When Carlisle came upon a photo of a recent Confederate monument protest in Hot Springs, and noted the women counter-protesters dressed in full period mourning gowns, the wheels immediately began turning for the two creators.

“It just screams that this is something we’re still dealing with — and figuring out what our heritage means,” Fletcher says of the dramatic image.

Using an immense amount of research — including primary sources — a narrative tale, haunting characters, music and a bit of irreverent comedy, Fletcher and Carlisle aim to take audiences on a journey of self-reflection in coming to terms with the ghosts of our nation’s past, a journey much like the duo experienced.

“The reason we need to hear her story is because we primarily have a relationship with the Civil War and its history that is focused on male experiences in war, and that’s an experience that gets glorified in reenactments, in textbooks, etc.,” Carlisle offers. “I think there’s a hidden history of the war that’s tied to labor exploitation and the birth of globalism that isn’t often explicated. [The show] uses recent scholarship and sort of smashes [that] up against primary source research, which, to us, is a fascinating thing to have happen on stage because it makes what could be difficult connections into a story.
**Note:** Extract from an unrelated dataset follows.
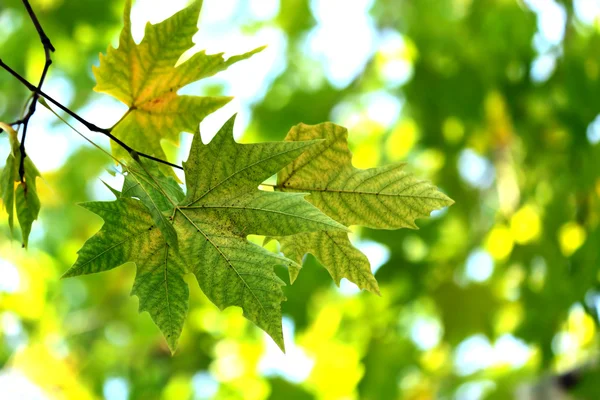 Осень, кленовые листья — стоковое фото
It also means that this character, this human being that’s the on stage, this Confederate widow in hell, isn’t 100 percent a miserable, awful person. She has feelings like the rest of us; she has guilt.”

“And her motivations are tied into very [relatable things],” Fletcher adds. “It’s just the means by which she goes about obtaining her hopes and dreams that are really quite horrible.

“It’s sort of this double thing of challenging the viewer — us modernly, what’s our culpability? But also trying to point the finger at her, too,” Fletcher goes on. “And that’s part of why it’s relevant right now. Of course there’s the political discourse going on, and I think a lot of people don’t understand where that came from and why. I feel like a lot of the people who engage in that ideology now have a disconnect from their own history. They’re fed a different narrative that it was better back then, that it was this glorious thing, and they’re just worried about themselves. They’re not thinking wider about it — in the same way that the widow [doesn’t]. All we want to do is challenge people to think about their history and what their culpability and their involvement in it is, and [reach an] understanding why we are where we are today because of it.”



‘A Confederate Widow in Hell’

WHEN — 8 p.m. Nov. 16-17

WHERE — Fenix Fayetteville at 16 W. Center St.